Pour Arnaud Veisse, directeur du Comité médical pour les exilés (Comede), le problème culturel n’existe pas. « Ce qu’il faut, ce sont des interprètes pour parler aux migrants dans une langue qu’ils maîtrisent », soutient le médecin. 42 % des consultations réalisées dans son institution sont accompagnées par un interprète. « Les problèmes d’accès aux soins concernent surtout les étrangers irréguliers présents sur le territoire depuis moins de trois mois », remarque-t-il. Et de rappeler que si l’actuel gouvernement a abrogé la cotisation annuelle d’accès à l’aide médicale de l’état (AME), il a conservé les trois premiers mois de carence, durant lesquels il est de plus en plus difficile d’accéder à des soins (lire encadré). « Nous notons de réels progrès dans la prise en charge des patients séropositifs, mais les pathologies chroniques et psychiques sont totalement ignorées chez les exilés », ajoute le médecin. Par ailleurs, seules 11 % des personnes reçues au Comede ont bénéficié d’un bilan de santé adapté à l’épidémiologie de leur pays d’origine. Enfin, Thierry Brigaud, président de Médecins du monde, a attiré l’attention sur « l’aggravation des retards de soins » des populations qui fréquentent les centres d’accueil de soins et d’orientation de l’ONG, à Paris comme en banlieue. « Ils concernent un tiers de nos patients, constate le praticien. Nous connaissons une augmentation considérable du nombre de patients – 40 000 consultations annuelles – avec déjà 2 800 mineurs pour cette année. » Des enfants et des adolescents qui, pris en charge de droit par la protection sociale française, ne devraient jamais avoir recours aux consultations des ONG.

1– Institut national de la santé et de la recherche médicale.
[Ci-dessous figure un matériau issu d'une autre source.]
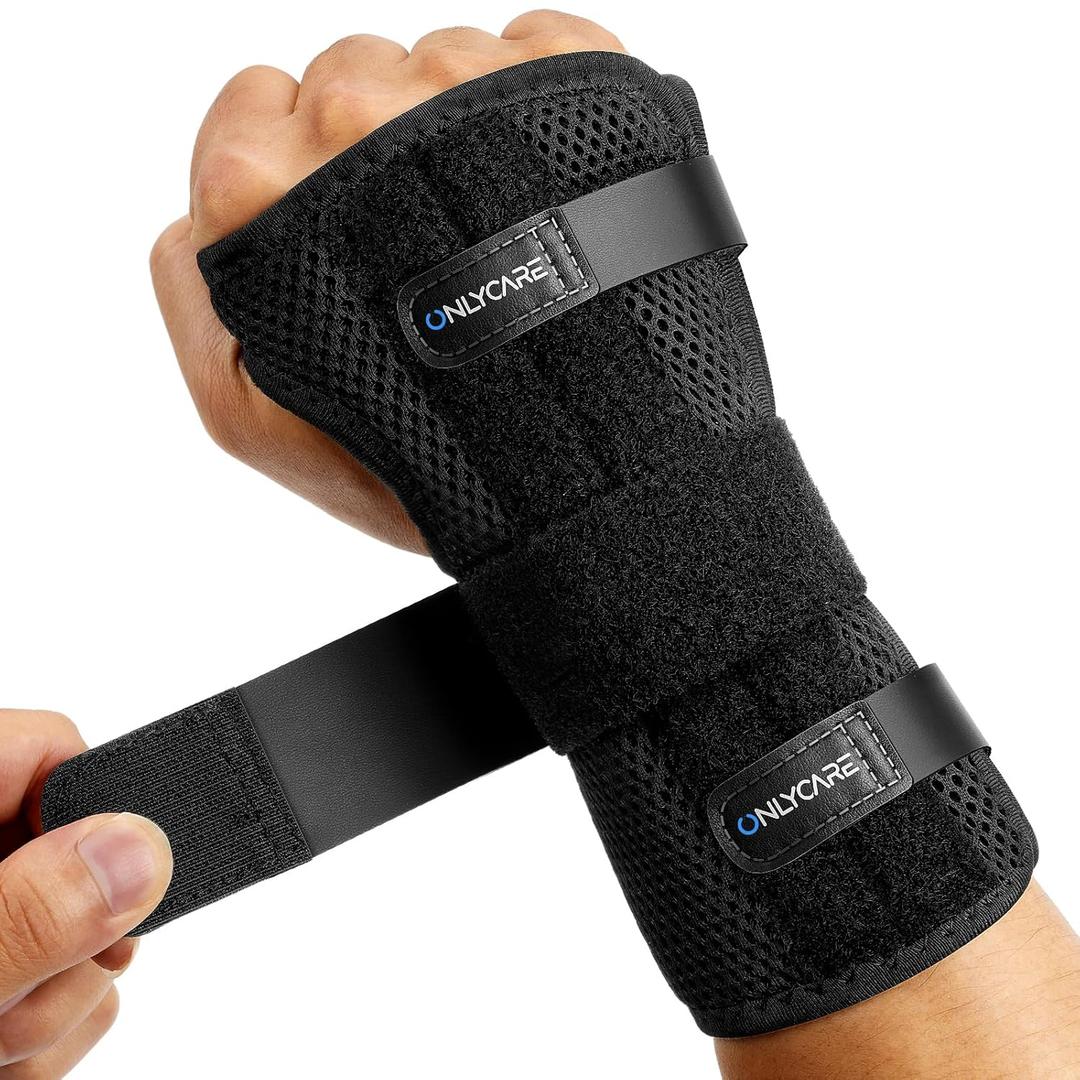 ONLYCARE FSA HSA Carpal Tunnel Wrist Brace Fit Right Hand, Adjustable Wrist Wraps Night Support, Metal Splint Stabilizer Relief Pain for Women Men, Hand Brace for Sprain, Arthritis, Tendonitis, S (Black)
2– L’objectif de cette analyse est de comparer les caractéristiques socio-sanitaires de trois sous-groupes de la population : résidents des zones urbaines sensibles, des quartiers ouvriers et des quartiers de type moyen ou supérieur.

PERSONNES ÉTRANGÈRES

Encore des refus de soins

Le Comede alerte sur les refus de soins dans les établissements hospitaliers. « à mai 2013, une trentaine de situations sont documentées, suite au comportement de médecins, d’assistantes sociales ou de gestionnaires des hôpitaux à l’égard de personnes récemment arrivées en France », a relevé Arnaud Veisse, le directeur. Des patients atteints d’un cancer sont, ainsi, privés d’une intervention chirurgicale nécessaire ou priés de payer à l’avance leurs séances de chimiothérapie ; d’autres, atteints de maladies chroniques, ne sont pas dirigés vers la permanence sociale qui permettrait d’ouvrir leurs droits. Quant aux étrangers en situation irrégulière qui sont sur le territoire français depuis moins de trois mois, ou qui dépassent le plafond de l’AME, ils pourraient avoir droit au Fonds pour les soins urgents et vitaux. Mais, selon Arnaud Veisse, les médecins rechigneraient à rédiger le certificat médical nécessaire, « en dehors des situations où le pronostic vital est engagé de manière imminente ».